Oggi i sistemi operativi moderni e le varie GUI (Graphical User Interface) hanno reso obsoleto DOS, tuttavia esistono ancora degli utenti che lo usano grazie alla sua incarnazione open source, ovvero FreeDOS.

Il progetto nasce nel 1994, con il nome di PD-DOS, lo scopo del team di sviluppo è permettere la rivitalizzazione di computer estremente datati che possono però ancora funzionare con un sistema molto leggero come FreeDOS.

Esistono però altri ambiti di utilizzo di FreeDOS, ad esempio ci sono molti videogame che per essere avviati necessitano di un ambiente DOS. FreeDOS dunque si offre anche come piattaforma di retrogaming per chi vuole rivivere le vecchie glorie nella loro versione originale, basti pensare a DOOM o alle avventure grafiche LucasArts.

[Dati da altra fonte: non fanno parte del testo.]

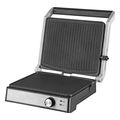 psistiera homevero panini maker 2000w hv pmk2000 extra photo 1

Ci sono poi molte aziende in giro per il mondo che non hanno intenzione di cambiare il proprio parco di applicazioni/macchine e dunque necessitano ancora di DOS; ad esempio alcune banche ancora oggi utilizzano programmi scritti per un sistema DOS. Inoltre FreDOS è utilizzato su diversi sistemi embedded.

Dunque i sistemi DOS vivono ancora e sono usati in diversi ambienti, tuttavia con gli anni sono destinati ad essere sostituti da sistemi più completi e complessi come ad esempio le distribuzioni Linux.